Following his congressional service, Thayer embarked on a distinguished judicial career. He served as a judge of the district court of Philadelphia from 1867 to 1874, presiding over a wide range of civil and criminal matters in one of the nation’s largest cities. In 1874 he was elevated to the position of president judge of the court of common pleas of Philadelphia, a leading trial court of general jurisdiction, and he held that office until his resignation in 1896. His long tenure on the bench reflected both his legal acumen and the confidence placed in him by the Pennsylvania judiciary and bar.
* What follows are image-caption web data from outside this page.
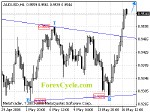 20080519_audusd_1.gif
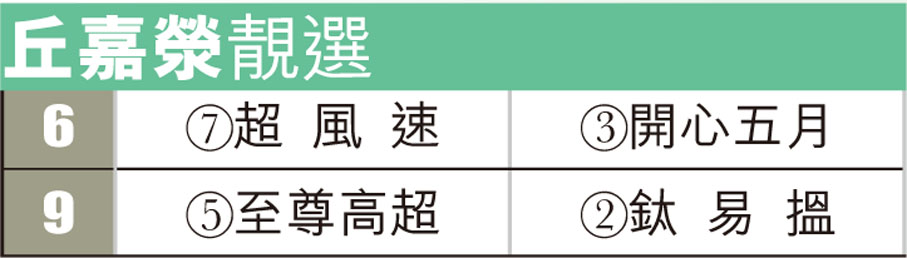 丘嘉滎靚選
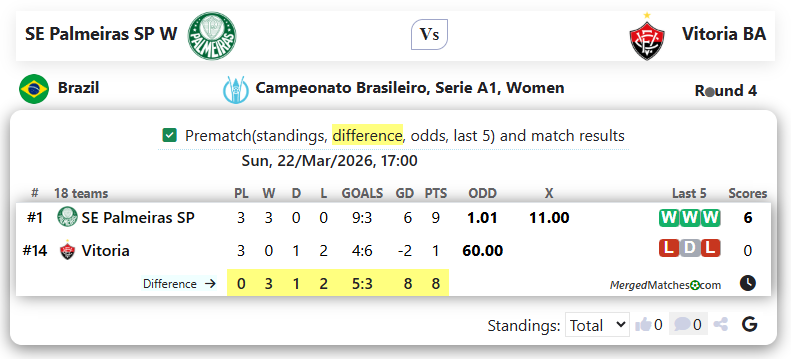 SE Palmeiras SP W Vs Vitoria BA screenshot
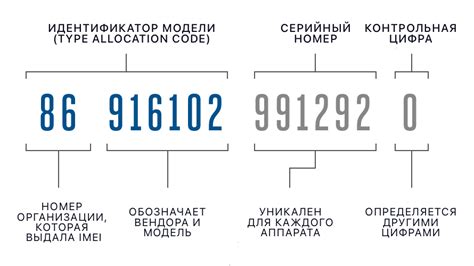 Причины необходимости определения местонахождения с помощью IMEI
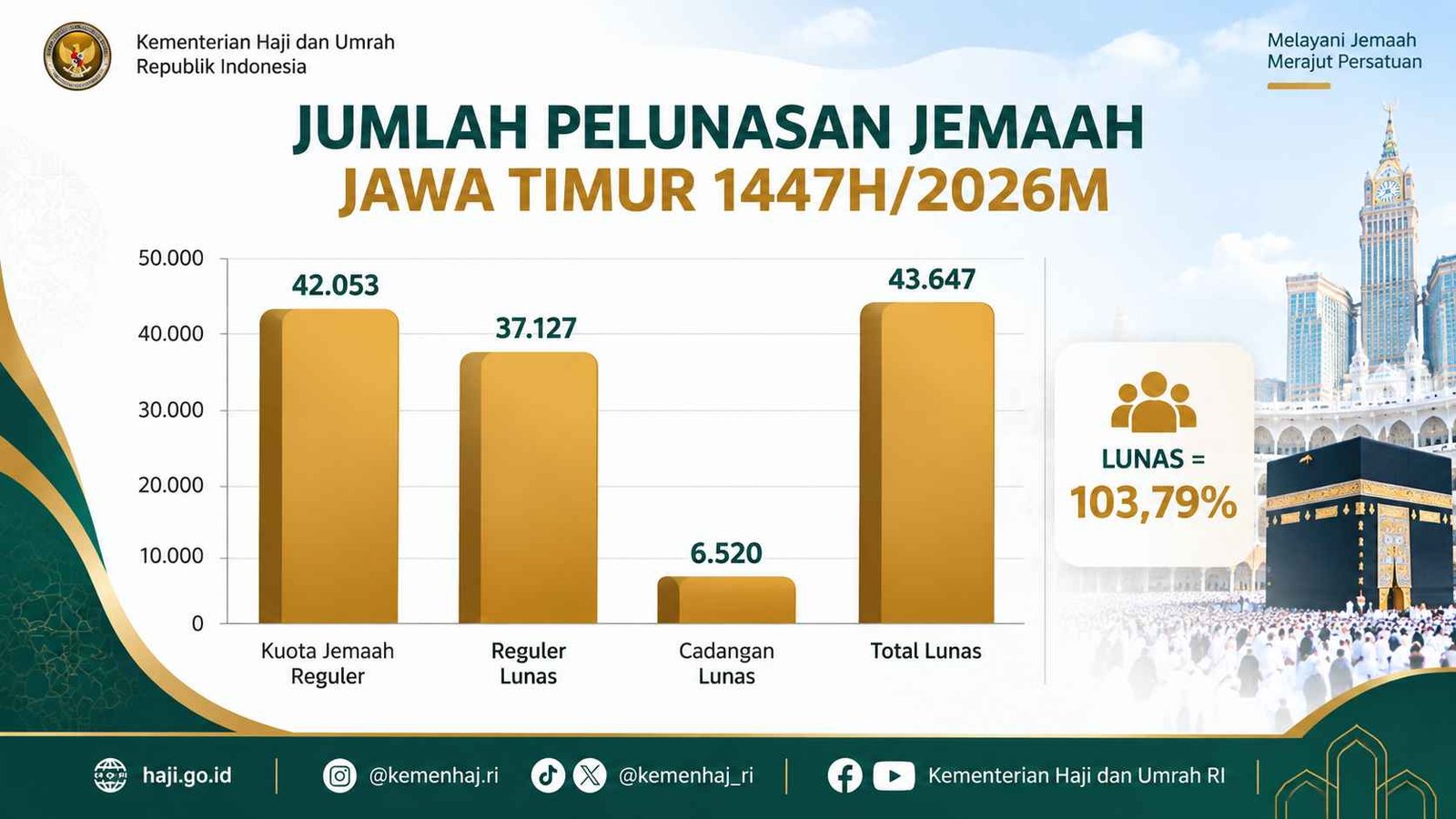 Jumlah Pelunasan Jemaah Haji Jawa Timur Tahun 1447 H2026 M_11zon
Thayer’s public service extended beyond the courtroom. In 1873 he was appointed to the board of visitors to the United States Military Academy at West Point and was responsible for writing the board’s report, thus contributing to oversight of the nation’s premier military educational institution. This appointment had a family resonance: some forty years earlier, his cousin Sylvanus Thayer had served as superintendent of West Point and was widely credited with professionalizing the academy. In 1877 Martin Russell Thayer was elected a member of the American Philosophical Society, one of the oldest learned societies in the United States, reflecting his standing in intellectual and professional circles. In 1896, after resigning from the bench, he was elected by the judges of the court of common pleas as prothonotary of Philadelphia, assuming responsibility for important administrative and record-keeping functions of the court.
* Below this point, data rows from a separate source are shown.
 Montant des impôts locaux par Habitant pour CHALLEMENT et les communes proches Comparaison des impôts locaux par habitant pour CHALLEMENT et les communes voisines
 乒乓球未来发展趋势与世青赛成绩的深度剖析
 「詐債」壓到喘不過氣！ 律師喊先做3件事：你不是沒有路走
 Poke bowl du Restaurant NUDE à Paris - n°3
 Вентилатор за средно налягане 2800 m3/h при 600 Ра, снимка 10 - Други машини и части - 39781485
In addition to his legal and political work, Thayer engaged in extensive literary pursuits. Over several decades he authored a number of books and pamphlets on law, history, political thought, and public institutions. Among his works were “The Duties of Citizenship” (Philadelphia, 1862); “A Reply to Mr. Charles Ingersoll’s ‘Letter to a Friend in a Slave State’” (Philadelphia, 1862); “The Great Victory: its Cost and Value” (1865), reflecting on the outcome of the Civil War; “The Law considered as a Progressive Science” (1870), a meditation on legal development; “On Libraries” (1871); “The Life and Works of Francis Lieber” (1873), a study of the prominent jurist and political philosopher; and “The Battle of Germantown” (1878), a historical account of the Revolutionary War engagement near Philadelphia. These writings underscored his interest in civic education, legal theory, and American history.
Martin Russell Thayer spent his later years in Philadelphia, remaining a respected figure in the city’s legal, intellectual, and civic life. He died in Philadelphia on October 14, 1906. He was buried in the churchyard of the Church of St. James the Less in Philadelphia, a historic Episcopal parish whose cemetery contains the graves of many notable Philadelphians.